Matter would thus be nothing but an odd number, a glitch, a singularity. One never explains its very existence—only its causes retroactively and its rigorous consequences. You cannot deduce the existence of planets (except by their influence on other planets); you observe that they are there. That is the experimental character of physics.
The existence of the universe is a miracle (a singularity); the existence of matter is a miracle (a flaw in being); the emergence of life is the miracle that answers a miraculous world. The indeterminacy of existence, which constitutes our freedom, precedes all determination, all matter, all life, all information, all meaning. Our world is a world of largely unpredictable events; life is a fragile miracle.
If existence is a miracle rescued from nothingness, then freedom and (relative) indeterminacy are indeed more primordial data of our temporality than the determinism of physical, biological, or social laws.
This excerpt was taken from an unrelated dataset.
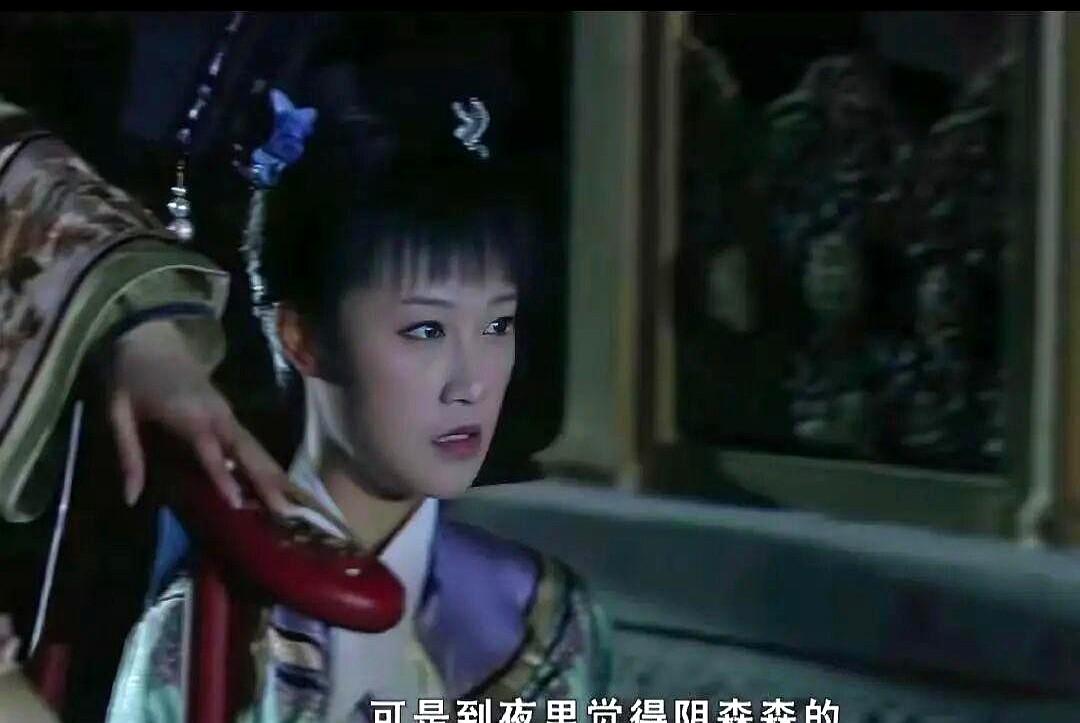 甄嬛那天要是肯绕十步远，就不会被一群野猫扑得差点早产。浣碧提前嗅到腥风，小声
Indeed, when causality reigns, the end is given at the same time as the origin, and when the finality is all-powerful nothing stands in the way of its realization, time does not exist.
Not only are we in a universe of imperfect laws, of relative indeterminacy, but there cannot be any other because, as we will see, improbability is not only duration but also information, matter, life and freedom.
We could not have lived in a world that was not imperfectly and therefore disturbingly deterministic. Information is the other side of our fragility, our dependence on an external reality that escapes us and that we try to understand and tame. Information is everything we do not know about existence, everything that surprises us, threatens us or saves us, it is the enigma of the world.
These conclusions thus ran counter to the usual, purely deterministic ontology—not that determinism does not exist, but that deterministic laws produce indeterminacy through the collision of independent trajectories (Cournot), through symmetry‑breaking, through exponential divergences hypersensitive to initial conditions, as chaos theory shows. We are far from a fixist onto‑theology that grants beings an eternal substance beneath a divine gaze; instead, existence might be attributed to a defect in being, always exceptional in light of the universe’s laws and the infinity of space. Rather than seeing a divinely ordained creation, we must see an anomaly, an error with respect to universal entropy, which dictates that there be nothing. Modern deterministic physics (quantum theory, chaos, complexity) has had to incorporate an ever‑greater share of indeterminacy—or rather unreducible unpredictability—because everything cannot be collapsed into a single formula (“the wave function of the universe”). The unforeseen must be given its place. We must go one step further and admit that indeterminacy, the unforeseen, the flaw in being constitute matter, life, freedom, and meaning. In fact, all this is implicated by the function of information as soon as natural selection is triggered—a selection after the fact on the basis of outcomes.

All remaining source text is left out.